Finally, I have got some time to sit down and write my thoughts down after making a lot of changes to my workflow to come up with a quite clean and sufficient dataset. This project is basically about data collection using API action from a Wikipedia site https://en.wikipedia.org/wiki/List_of_longest-reigning_monarchs.
I decided to go ahead with xml parse method instead of others such as json by chance. The way this data was constructed was far more complicated than I thought in the beginning. It was impossible for me to figure out a single unanimous Regex expression to capture all data of a single field. It seems like exceptions exist in all corners. As far as I am concerned, the only delimiter I could think of in this case is the row “\n” to escape new line. I intend to split the data into 3 tables corresponding to the ones in the site. I packed the workflow of each table in a different container in my workflow because they are different, though they might look similar to readers in the site :p
Monarchs of sovereign states with verifiable reigns by exact date
Monarchs of dependent or constituent states with verifiable reigns by exact date
Monarchs whose exact dates of rule are unknown
Then you’ve got to see how to filter only the important rows. Remember to pack the record ID tool within your step before cleansing the data because it will help you navigate where you were before.
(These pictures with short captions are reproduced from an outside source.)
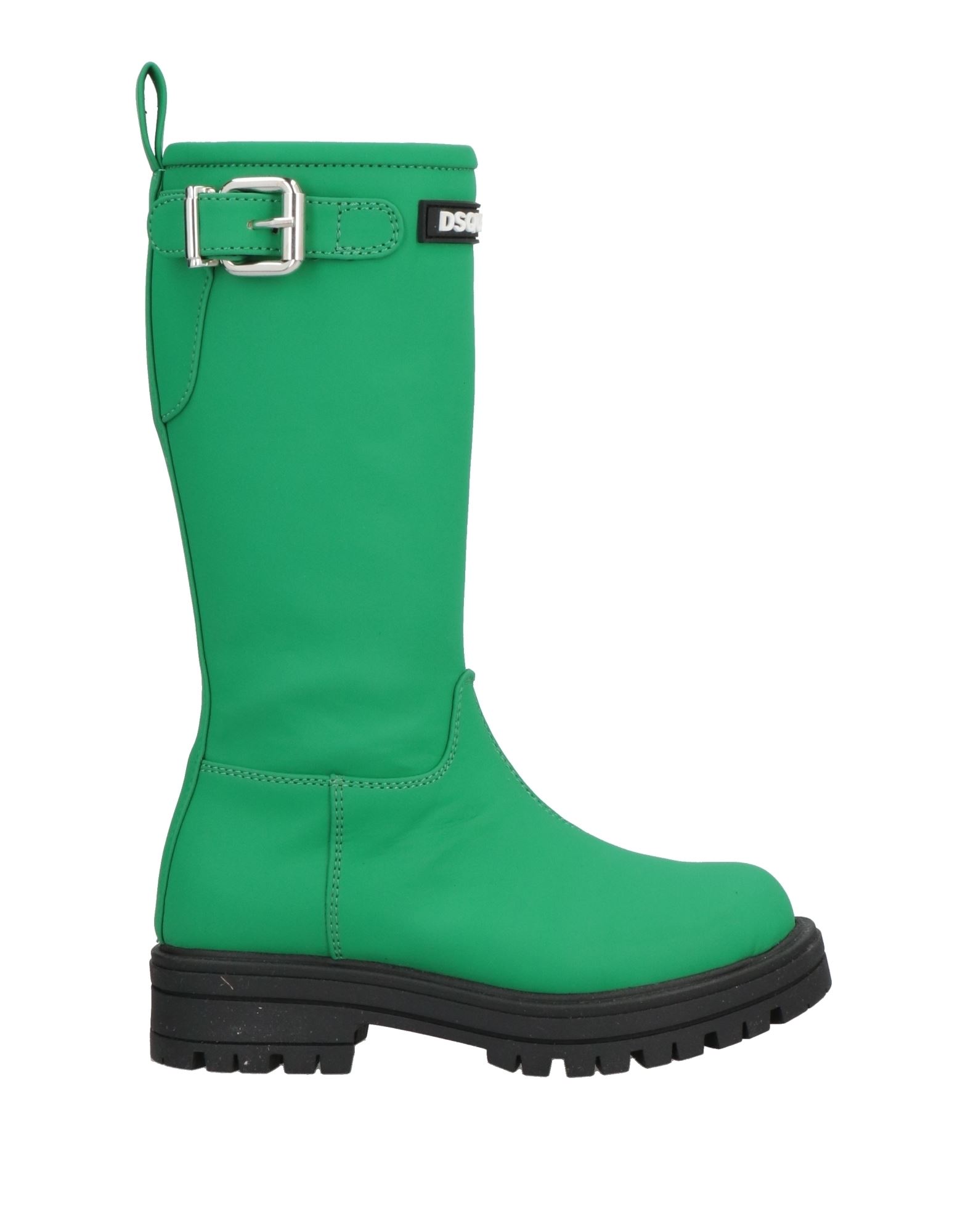 Dsquared2 Kids'  Knee Boots In Green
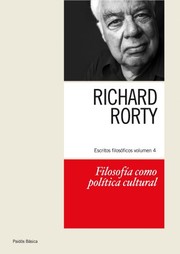 Portada de Filosofia como politica cultural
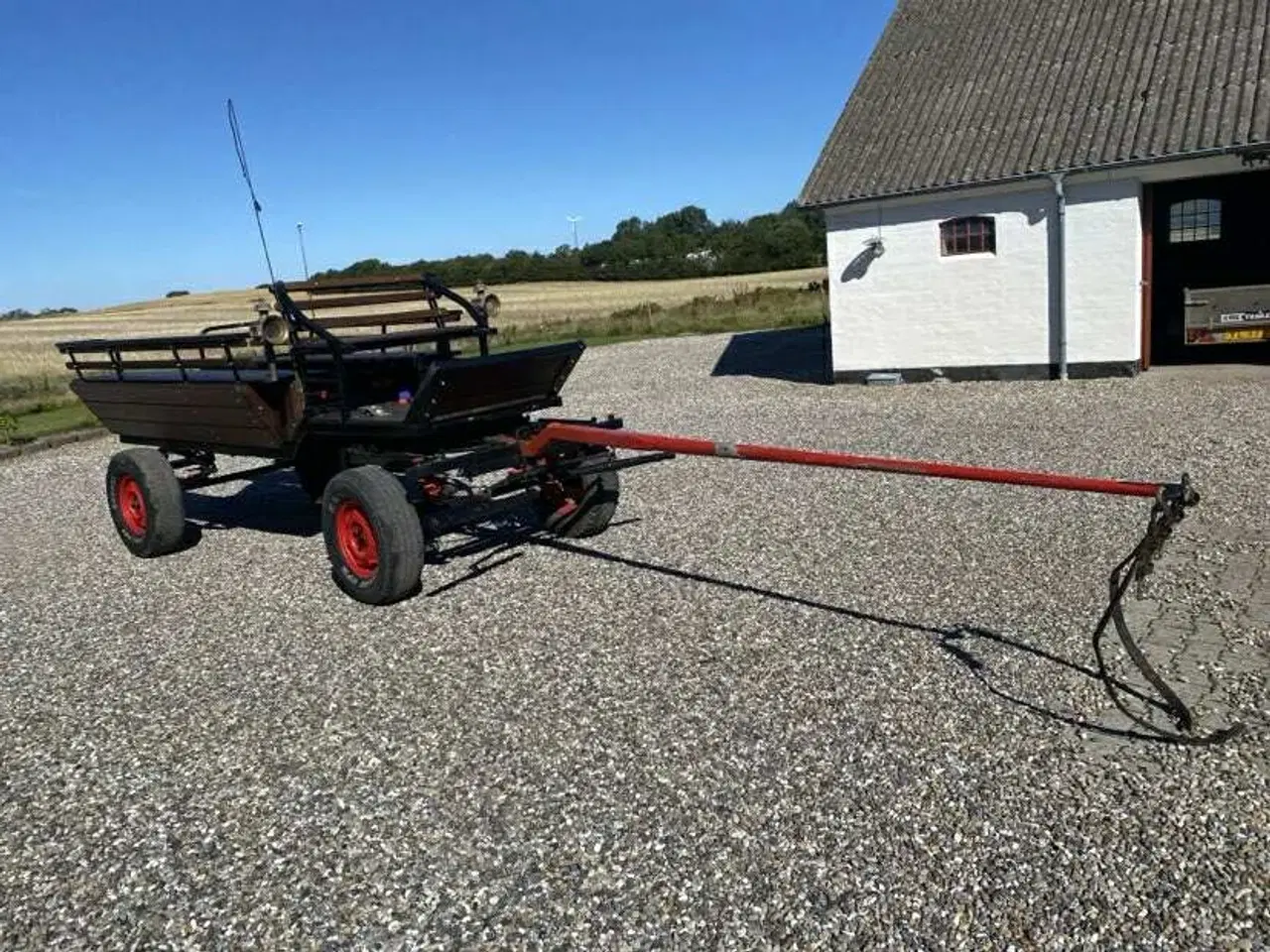 Billede 5 - Rigtig fin Hestevogn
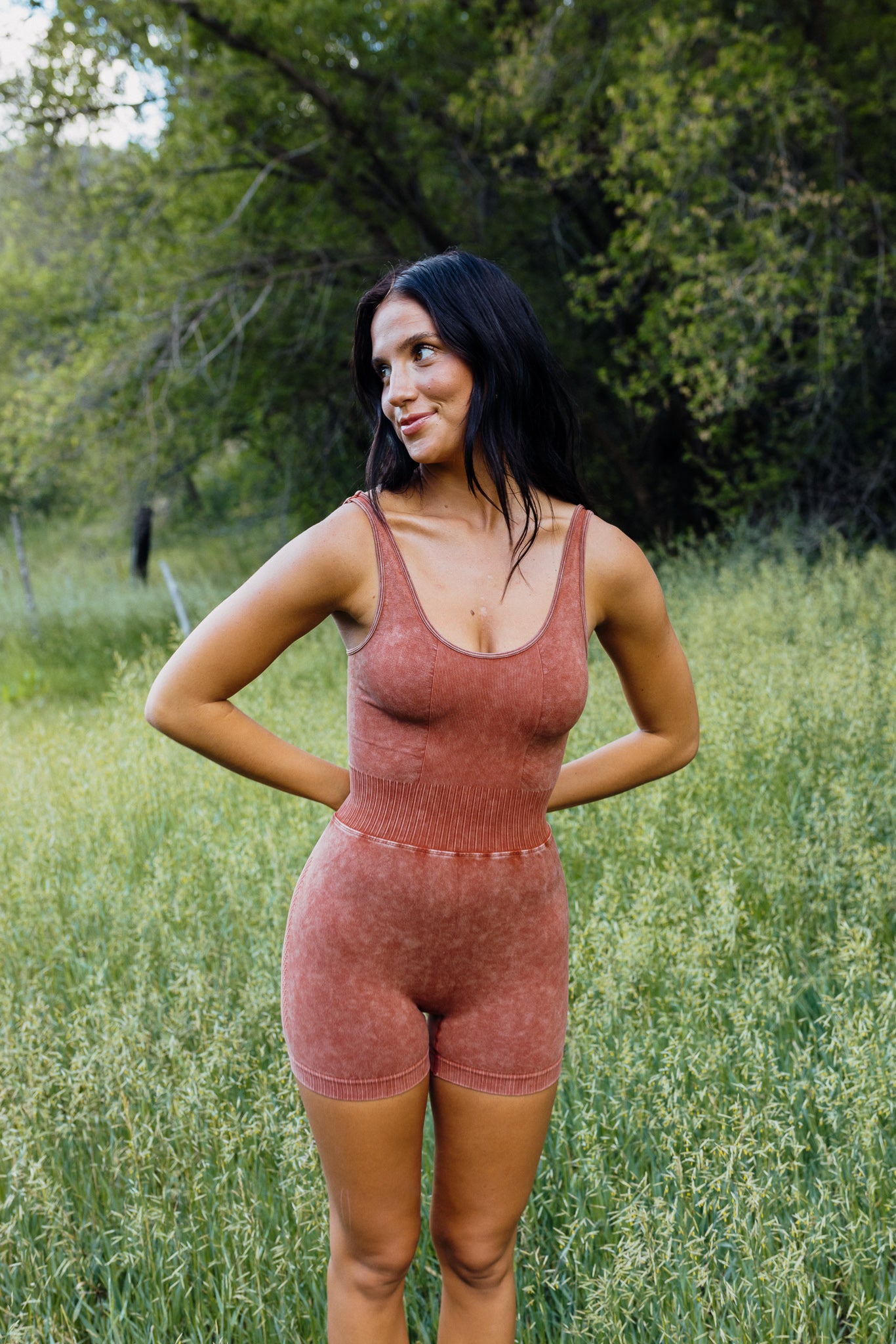 A Freebie Summer Bodysuit In Rust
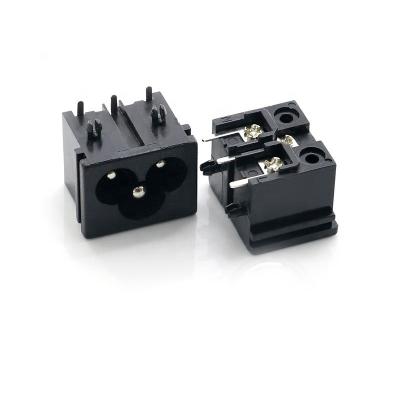 China Good Quality Residential/General Purpose AC Power Socket Jack 3 Pin DIP PCB Mount Connector AC Power Socket for sale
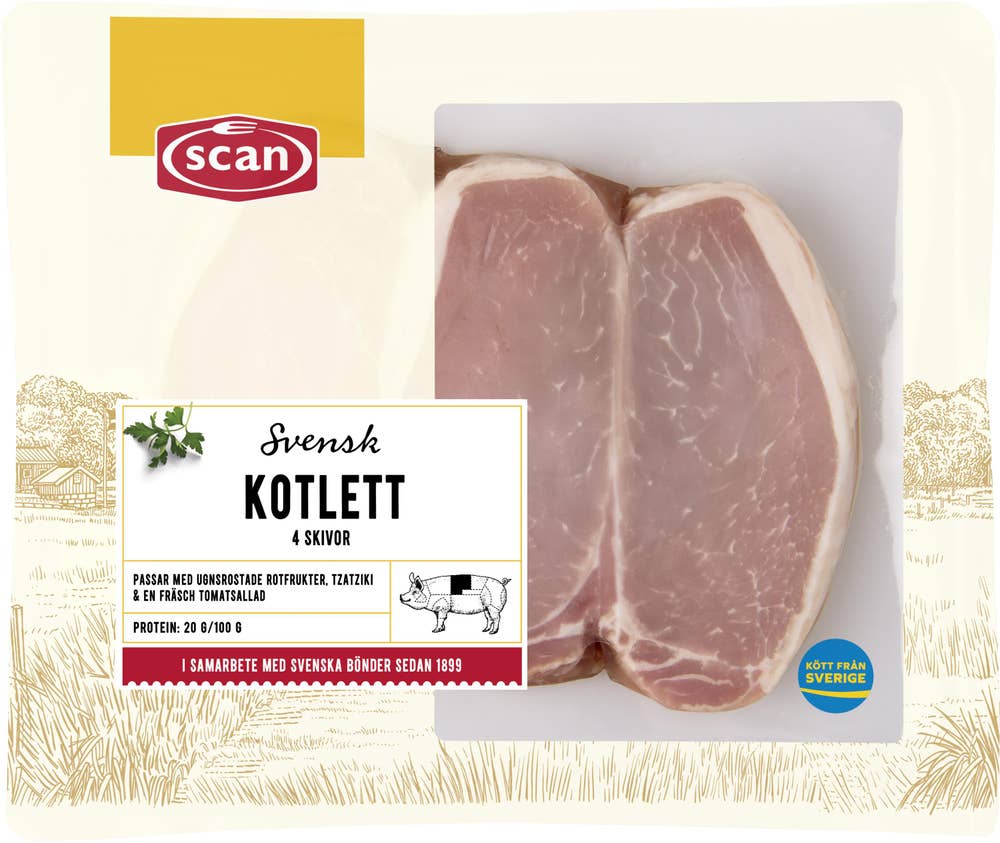 Scan Kotlett Skivad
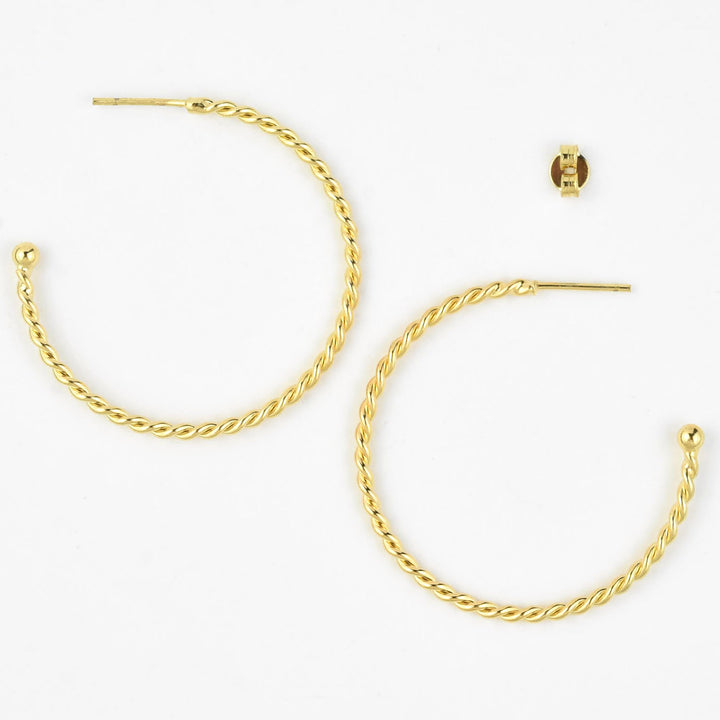 Skinny Twist Hoops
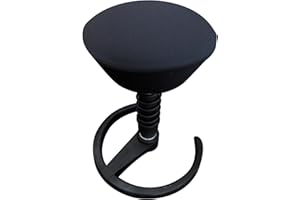 OZZIRIS Abnehmbarer Schonbezug für Aeris Swopper, Bezug für Sitzfläche Swopper Bürostuhl - KEIN kompletter Hocker (Schwarz)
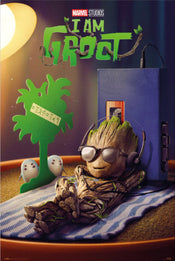 grupo erik gpe5717 marvel groot get your groot on poster 60x91-5 cm | Yourdecoration.nl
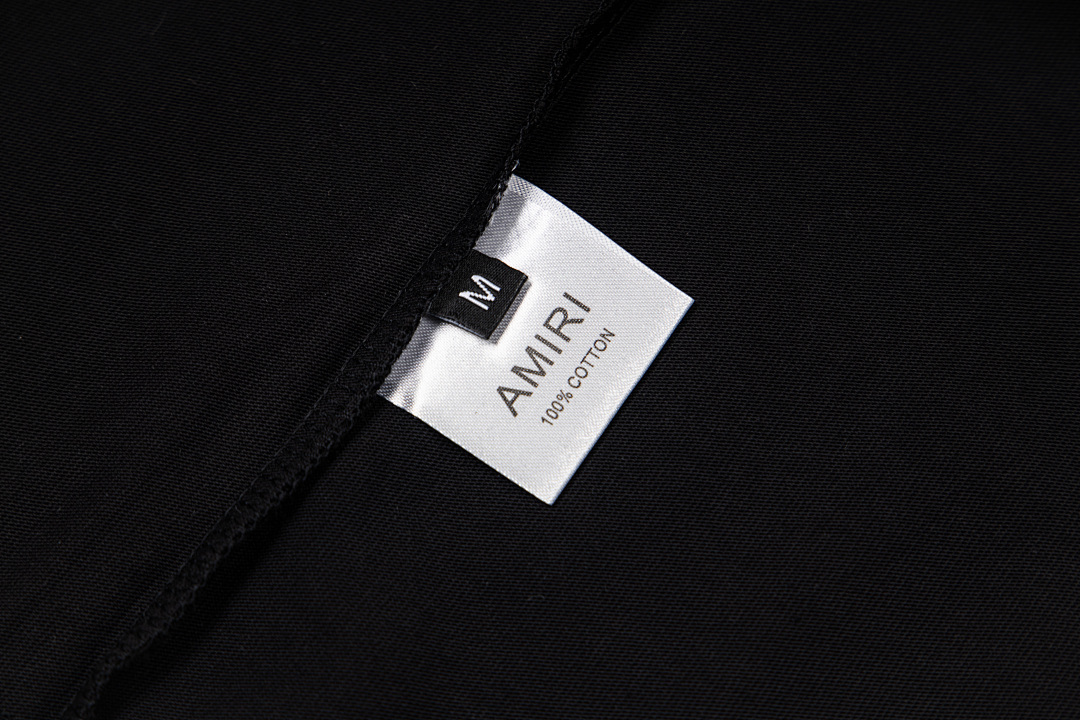 AMIRI 118 Wide Version Model Short Sleeve T Logo Print Diamond High Wind Black White S M L - Image 13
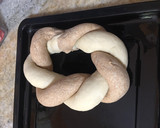 Foto del paso 4 de la receta: Pan lactal bicolor trenzado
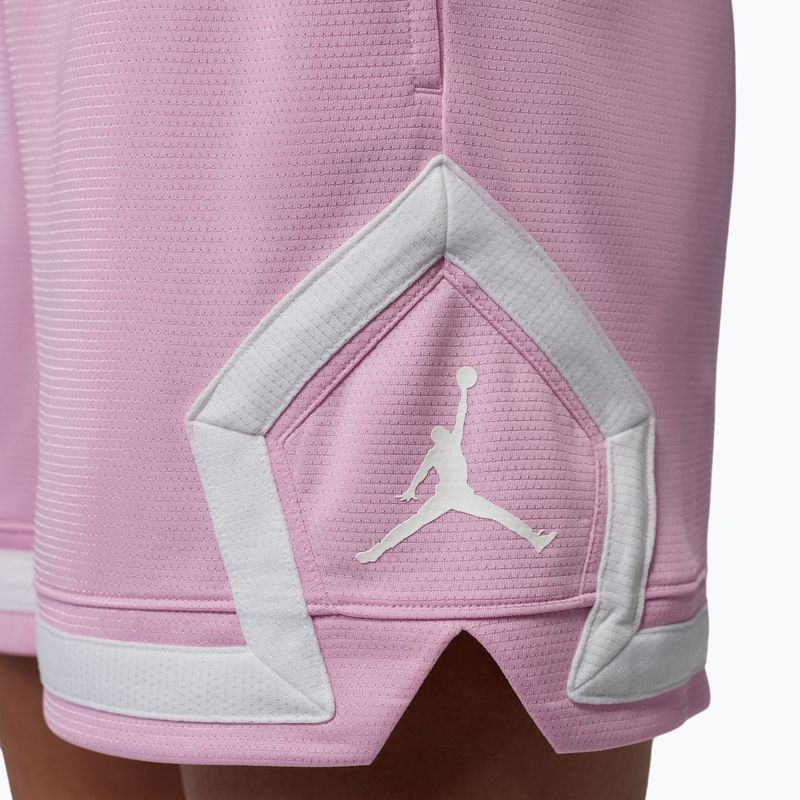 Dámské basketbalové šortky Nike Jordan Sport Diamond 4" iced carmine/iced carmine/white/white 7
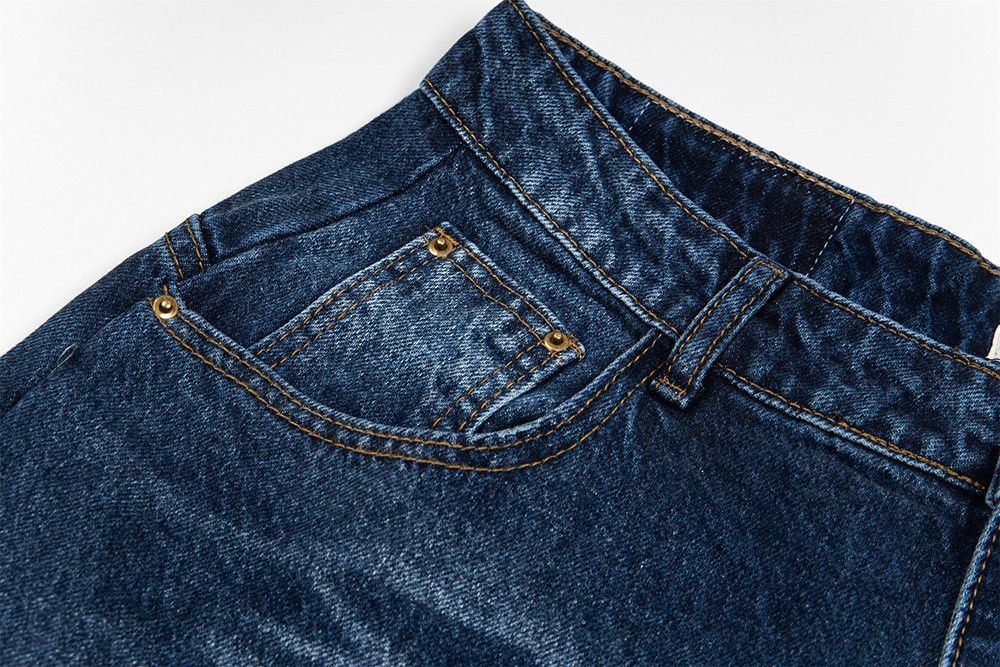 Jean Retro American patchwork washed curved jeans for men Size US 32 / EU 48 - 3 Thumbnail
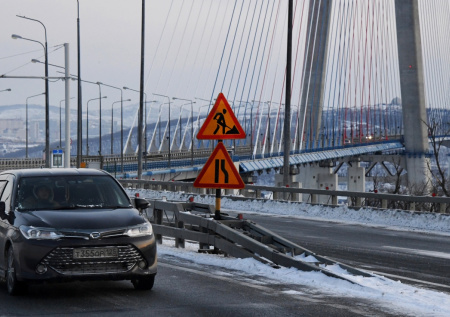 На острове Русский образовалась гигантская пробка по необычной причине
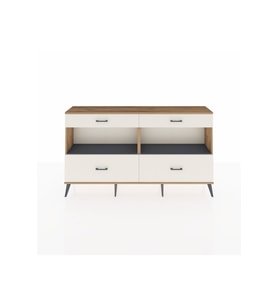 Arges Konsol 2 Raflı 4 Çekmeceli  176x30x99 Çam-Antrasit/Aytaşı
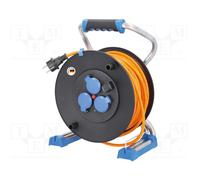 AS SCHWABE Xperts Prolongador de alimentación 40m 3G1,5mm2 naranja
In this work, I use filter tool intensively to split the irregular behaved data apart then handle them separately before joining them back together with the rest.
The end table look something like this:
Along the way, there are lots of issues coming across such as URL for API changes ( I would recommend saving the uncleaned data somewhere in your local instead of calling it from the page every time you run the workflow, and same content but different formats. This is a great chance for me to practice Parsing Regex Skill especially better understanding the lazy (?) and greedy (+) quantifiers when it comes to tokenizing data.
Bottom line: this project by far is the most significant API works I have ever created. I think that my workflow might be created in a more elegant and handy way by experienced specialists who have been doing it more regularly.
Fun fact: Alteryx doesn’t allow date type of data before the year 1400 AD (this issue occurs encountered in this case because there are quite a lot of Monarch whose reigns dated back hundred or thousand years before Christ.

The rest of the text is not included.